A autora também havia pedido o pagamento dos salários que teria deixado de receber no período entre a dispensa e o ajuizamento da ação, com base na Lei nº 9.029/95, que proíbe práticas discriminatórias nas relações de emprego. Entretanto, o magistrado considerou que a situação vivenciada pela empregada não se enquadra nas hipóteses previstas pela norma.
Ao analisar o caso, a relatora do acórdão na 4ª Turma, desembargadora Ana Luiza Heineck Kruse, considerou que houve discriminação de gênero. A desembargadora observou que a acusação do Ministério Público ao ajuizar a ação penal contra a trabalhadora foi de que ela teria sido omissa ao deixar o filho de um ano em casa sozinho com o companheiro. “Já daí se observa que sequer se trataria de uma conduta ativa da reclamante para com o próprio filho”, observou a magistrada.

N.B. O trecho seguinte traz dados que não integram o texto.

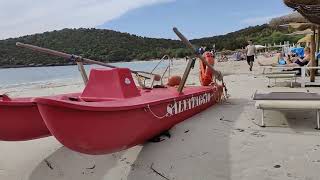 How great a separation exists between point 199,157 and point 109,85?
1450mm

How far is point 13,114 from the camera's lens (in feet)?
14.4

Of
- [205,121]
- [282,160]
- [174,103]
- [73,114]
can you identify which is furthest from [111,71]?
[282,160]

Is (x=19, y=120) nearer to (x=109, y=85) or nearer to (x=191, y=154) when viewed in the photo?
(x=109, y=85)

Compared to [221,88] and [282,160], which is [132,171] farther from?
[221,88]

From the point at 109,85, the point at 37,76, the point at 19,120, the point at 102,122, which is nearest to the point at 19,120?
the point at 19,120

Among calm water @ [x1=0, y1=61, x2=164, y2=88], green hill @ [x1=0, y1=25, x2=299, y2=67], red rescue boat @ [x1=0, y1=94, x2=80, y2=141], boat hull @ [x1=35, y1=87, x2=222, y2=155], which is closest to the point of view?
boat hull @ [x1=35, y1=87, x2=222, y2=155]

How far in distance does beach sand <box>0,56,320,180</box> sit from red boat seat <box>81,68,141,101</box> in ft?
2.36

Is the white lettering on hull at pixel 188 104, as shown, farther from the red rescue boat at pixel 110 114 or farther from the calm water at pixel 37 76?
the calm water at pixel 37 76

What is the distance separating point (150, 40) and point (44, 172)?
278 feet

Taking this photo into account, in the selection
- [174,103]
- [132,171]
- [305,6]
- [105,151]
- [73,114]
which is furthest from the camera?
[305,6]

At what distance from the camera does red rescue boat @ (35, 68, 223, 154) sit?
341cm

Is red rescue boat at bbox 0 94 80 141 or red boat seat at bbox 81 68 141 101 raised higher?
red boat seat at bbox 81 68 141 101

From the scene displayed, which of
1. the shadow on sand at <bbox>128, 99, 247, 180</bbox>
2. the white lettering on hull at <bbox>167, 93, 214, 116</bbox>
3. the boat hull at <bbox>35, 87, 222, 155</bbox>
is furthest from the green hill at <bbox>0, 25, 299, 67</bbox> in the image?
the boat hull at <bbox>35, 87, 222, 155</bbox>

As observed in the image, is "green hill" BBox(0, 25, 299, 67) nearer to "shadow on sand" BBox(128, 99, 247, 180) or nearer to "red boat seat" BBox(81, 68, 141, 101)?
"shadow on sand" BBox(128, 99, 247, 180) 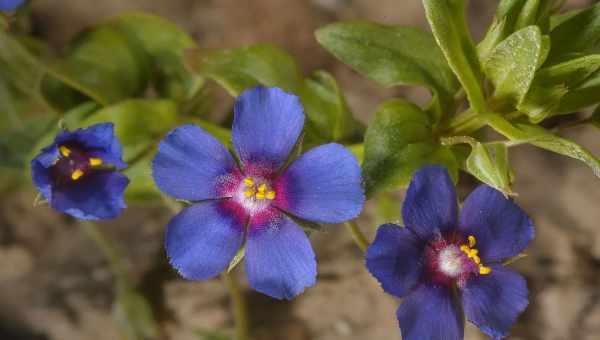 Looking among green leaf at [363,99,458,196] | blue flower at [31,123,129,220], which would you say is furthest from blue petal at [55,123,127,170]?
green leaf at [363,99,458,196]

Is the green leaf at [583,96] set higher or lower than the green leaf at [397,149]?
higher

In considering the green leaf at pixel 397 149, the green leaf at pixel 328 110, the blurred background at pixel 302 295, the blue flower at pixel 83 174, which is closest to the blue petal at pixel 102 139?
the blue flower at pixel 83 174

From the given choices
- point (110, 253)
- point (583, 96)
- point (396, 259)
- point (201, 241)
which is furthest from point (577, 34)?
point (110, 253)

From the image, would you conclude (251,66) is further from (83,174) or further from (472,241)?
(472,241)

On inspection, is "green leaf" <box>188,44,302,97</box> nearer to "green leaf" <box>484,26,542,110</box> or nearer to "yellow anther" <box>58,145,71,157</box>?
"yellow anther" <box>58,145,71,157</box>

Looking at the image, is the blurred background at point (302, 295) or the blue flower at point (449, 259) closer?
the blue flower at point (449, 259)

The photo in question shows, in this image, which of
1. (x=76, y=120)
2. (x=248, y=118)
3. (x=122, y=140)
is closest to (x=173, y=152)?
(x=248, y=118)

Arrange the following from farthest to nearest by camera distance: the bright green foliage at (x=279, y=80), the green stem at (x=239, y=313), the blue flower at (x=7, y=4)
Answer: the green stem at (x=239, y=313) → the bright green foliage at (x=279, y=80) → the blue flower at (x=7, y=4)

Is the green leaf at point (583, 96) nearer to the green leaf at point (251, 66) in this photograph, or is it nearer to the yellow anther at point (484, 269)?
the yellow anther at point (484, 269)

Além disso, a magistrada mencionou que, conforme a decisão do Tribunal de Justiça que despronunciou a trabalhadora, a acusação baseou-se apenas em depoimentos de pessoas que condenaram a mãe por não se portar dentro de um modelo de maternidade supostamente ideal. A desembargadora afirmou que esse mesmo olhar foi trazido para a relação de emprego, e que a não renovação do contrato da trabalhadora ocorreu porque “acreditou-se nos estereótipos e não nas decisões do Poder Judiciário”. Com essa fundamentação, deu provimento ao recurso da trabalhadora, acrescendo à condenação o pagamento da remuneração de dezesseis meses em dobro.

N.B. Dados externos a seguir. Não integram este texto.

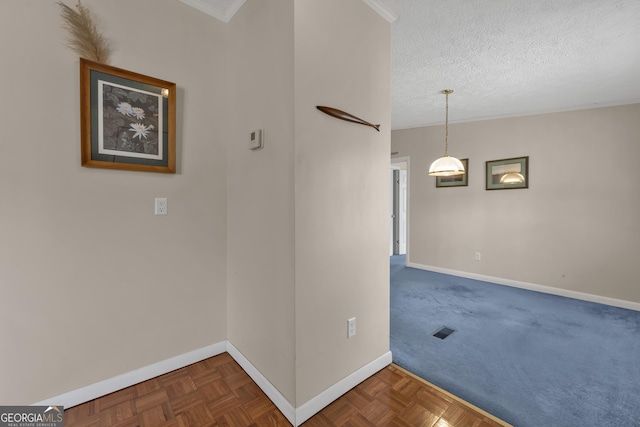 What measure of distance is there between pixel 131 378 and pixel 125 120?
1.63 meters

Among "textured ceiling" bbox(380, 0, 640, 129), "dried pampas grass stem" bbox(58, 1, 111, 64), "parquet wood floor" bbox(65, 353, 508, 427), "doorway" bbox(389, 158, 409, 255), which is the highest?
"textured ceiling" bbox(380, 0, 640, 129)

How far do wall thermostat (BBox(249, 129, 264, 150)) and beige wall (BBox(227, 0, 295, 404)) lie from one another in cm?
4

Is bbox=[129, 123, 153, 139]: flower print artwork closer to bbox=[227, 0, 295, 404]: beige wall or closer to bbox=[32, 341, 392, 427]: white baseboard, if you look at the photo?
bbox=[227, 0, 295, 404]: beige wall

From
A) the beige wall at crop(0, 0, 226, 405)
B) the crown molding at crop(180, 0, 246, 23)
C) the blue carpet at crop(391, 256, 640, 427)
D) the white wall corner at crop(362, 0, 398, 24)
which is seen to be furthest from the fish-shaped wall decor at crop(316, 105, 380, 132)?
the blue carpet at crop(391, 256, 640, 427)

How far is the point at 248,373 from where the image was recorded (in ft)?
6.18

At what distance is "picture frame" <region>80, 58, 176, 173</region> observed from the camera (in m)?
1.58

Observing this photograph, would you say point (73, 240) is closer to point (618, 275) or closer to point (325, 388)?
point (325, 388)

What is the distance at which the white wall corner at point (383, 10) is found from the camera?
1.81 meters

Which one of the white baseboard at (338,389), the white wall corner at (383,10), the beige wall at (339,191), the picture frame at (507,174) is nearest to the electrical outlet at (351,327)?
the beige wall at (339,191)

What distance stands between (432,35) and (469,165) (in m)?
2.78

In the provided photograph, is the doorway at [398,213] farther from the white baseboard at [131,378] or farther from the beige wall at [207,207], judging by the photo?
the white baseboard at [131,378]

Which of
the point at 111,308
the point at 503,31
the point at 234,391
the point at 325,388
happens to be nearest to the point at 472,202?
the point at 503,31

Contudo, o desembargador George Achutti, autor do voto prevalecente, manteve o entendimento da sentença do primeiro grau. O magistrado ressaltou que o caso analisado não se enquadra na Lei nº 9.029/95, que trata de prática discriminatória por motivo de sexo, origem, raça, cor, estado civil, situação familiar, deficiência, reabilitação profissional, idade, entre outros. Ele destacou que as hipóteses previstas nessa lei são “dados objetivos que não se alinham com a situação vivenciada pela reclamante, dispensada em razão de notícias de que teria sido processada pela morte do próprio filho”. Com esse entendimento, negou o pedido da trabalhadora relativo aos salários que deixara de receber, mantendo apenas a indenização pelos danos morais. Seu voto foi acompanhado no julgamento pela juíza convocada Anita Job Lübbe.
As partes apresentaram recursos contra a decisão ao Tribunal Superior do Trabalho.